---- MATERIAL SUPPLIED

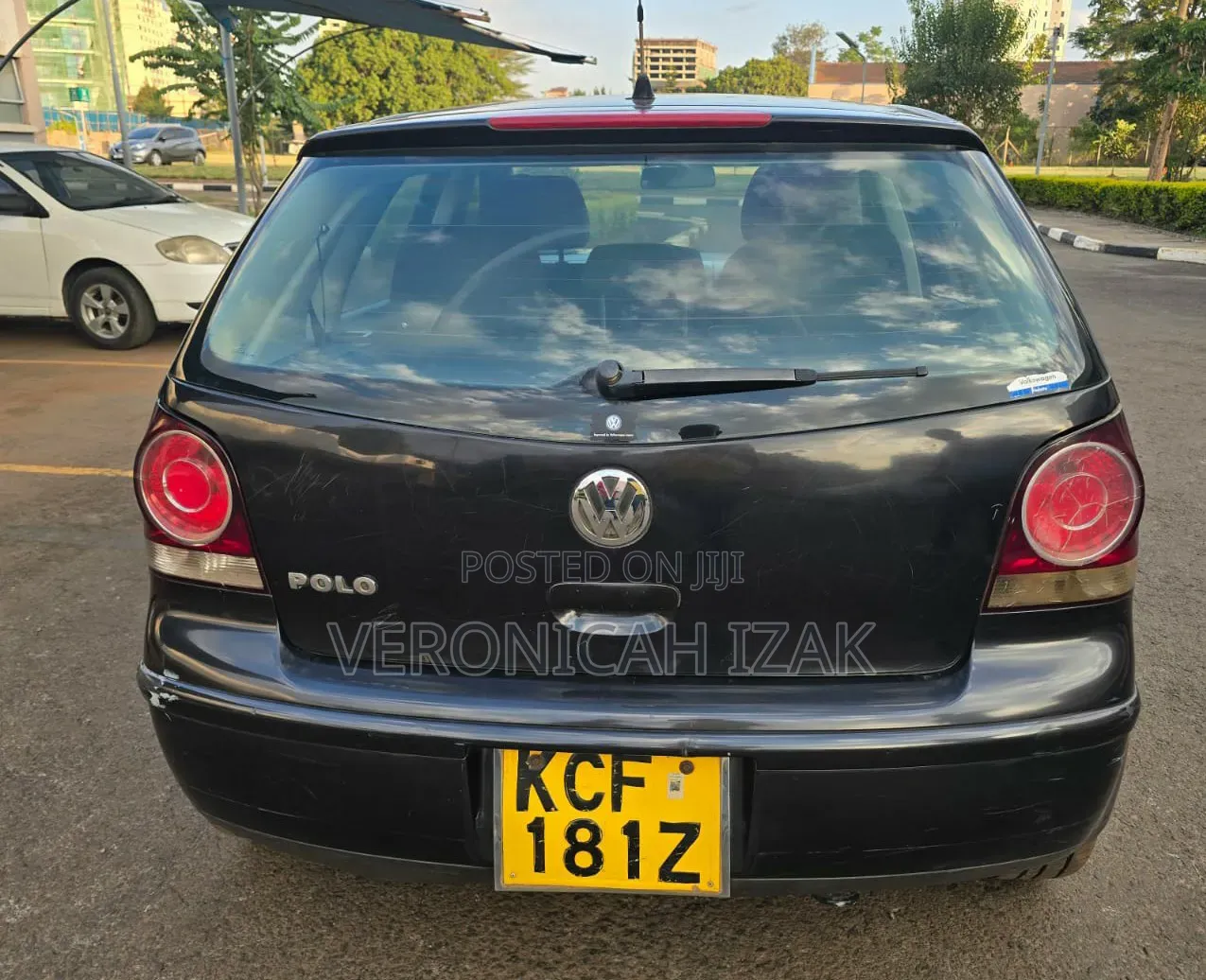 Volkswagen Polo 2008 Black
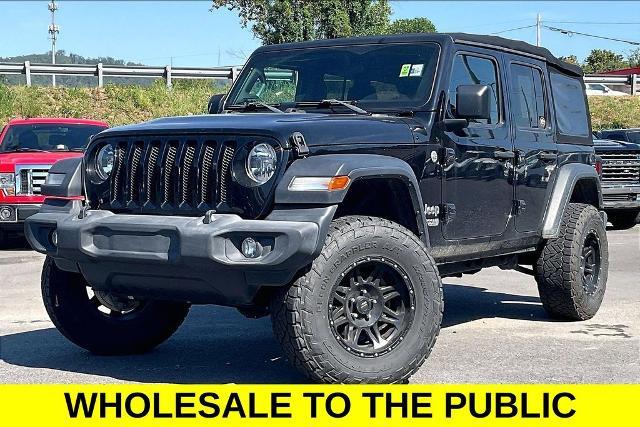 2018 Jeep Wrangler
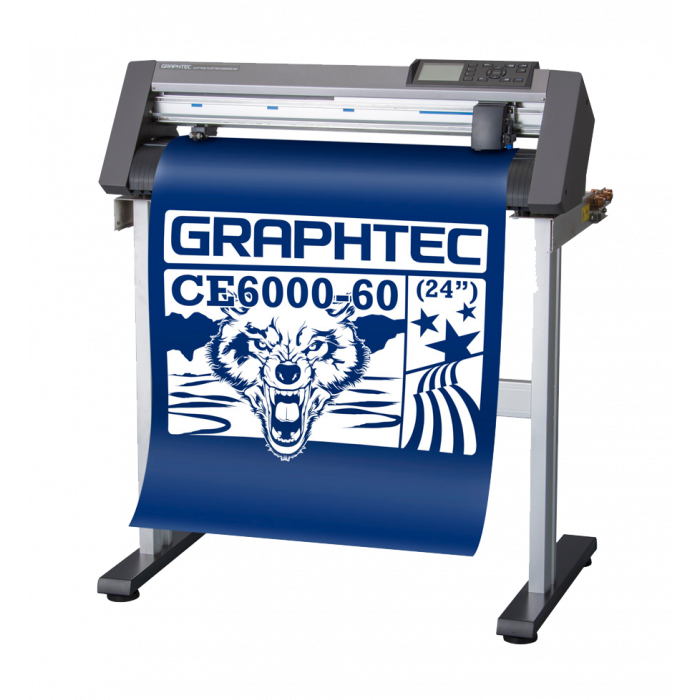 trofast kupon fire Graphtec CE6000-60 PLUS 24" Vinyl Cutter and Stand - OPEN BOX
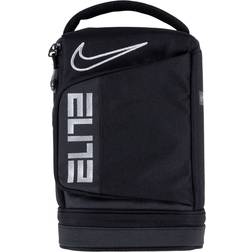 Nike Elite Fuel Pack Lunch Bag, Boys' Black/Silver/Mtllc Cl Gry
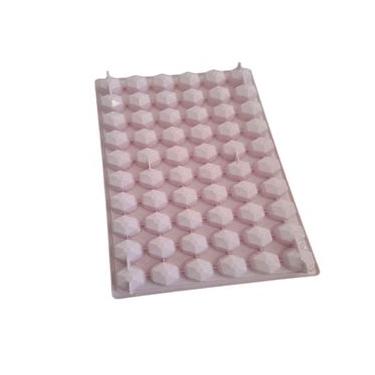 Imagem de Forma De Gelo Diamante Decorativo 60 Cavidades Rosa Drink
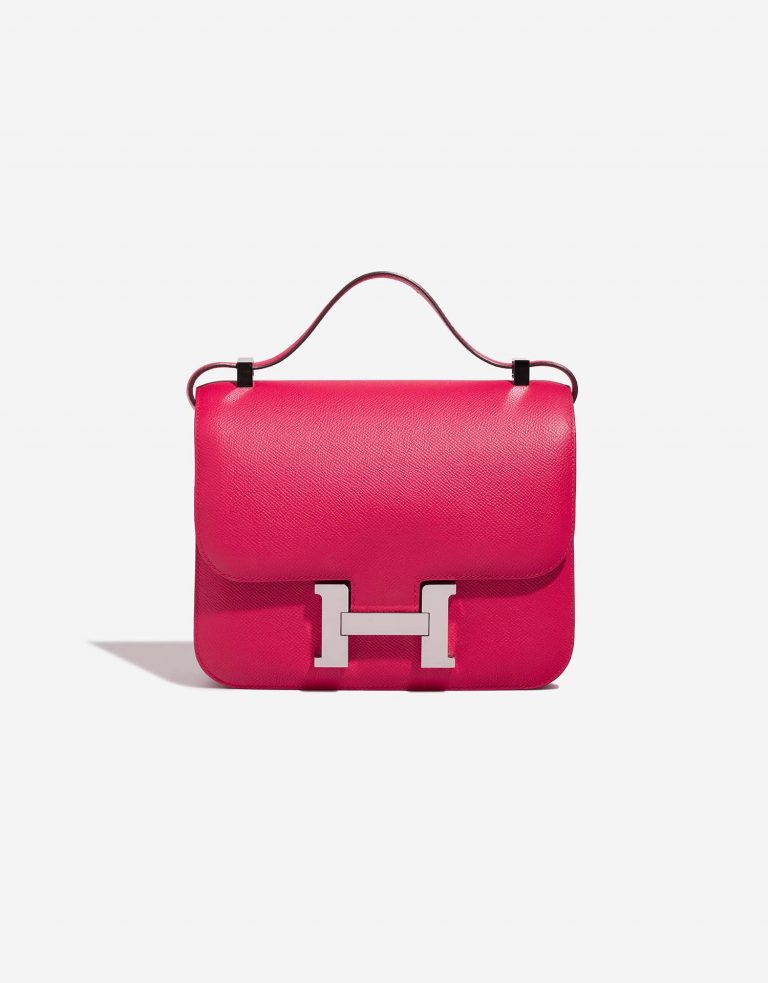 Hermès Constance 24 RoseExtreme Front | Verkaufen Sie Ihre Designer-Tasche auf Saclab.com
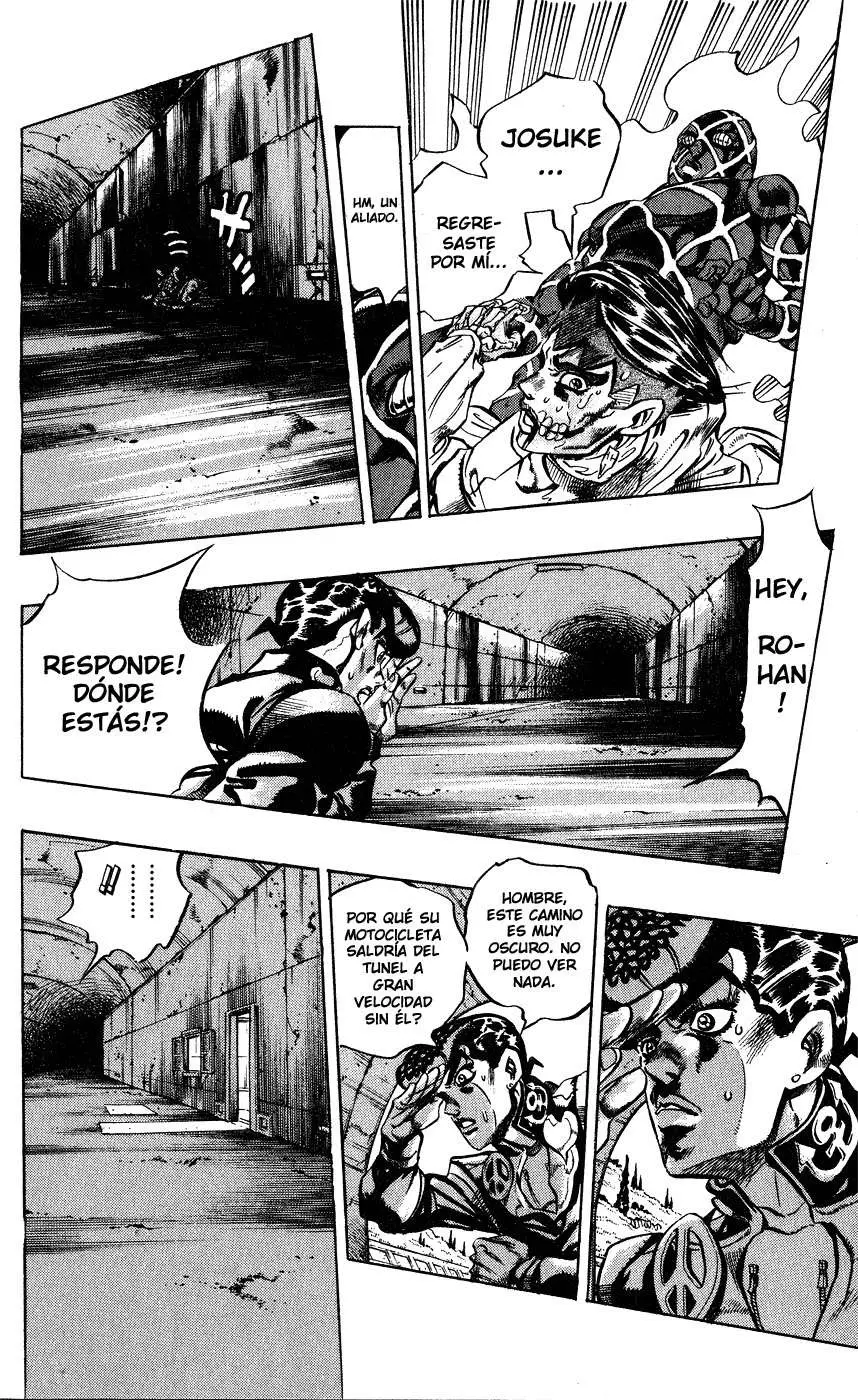 JoJo's Bizarre Adventure - Parte 4: Diamond Is Unbreakable capítulo 121, página 8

--------

## ABOUT THIS TASK
Repeat exactly the lines from the one containing "2018 Jeep Wrangler" through the last line of the records above, both included, and leave out the pictures.

## SOLUTION FOR THIS TASK
 2018 Jeep Wrangler
 trofast kupon fire Graphtec CE6000-60 PLUS 24" Vinyl Cutter and Stand - OPEN BOX
 Nike Elite Fuel Pack Lunch Bag, Boys' Black/Silver/Mtllc Cl Gry
 Imagem de Forma De Gelo Diamante Decorativo 60 Cavidades Rosa Drink
 Hermès Constance 24 RoseExtreme Front | Verkaufen Sie Ihre Designer-Tasche auf Saclab.com
 JoJo's Bizarre Adventure - Parte 4: Diamond Is Unbreakable capítulo 121, página 8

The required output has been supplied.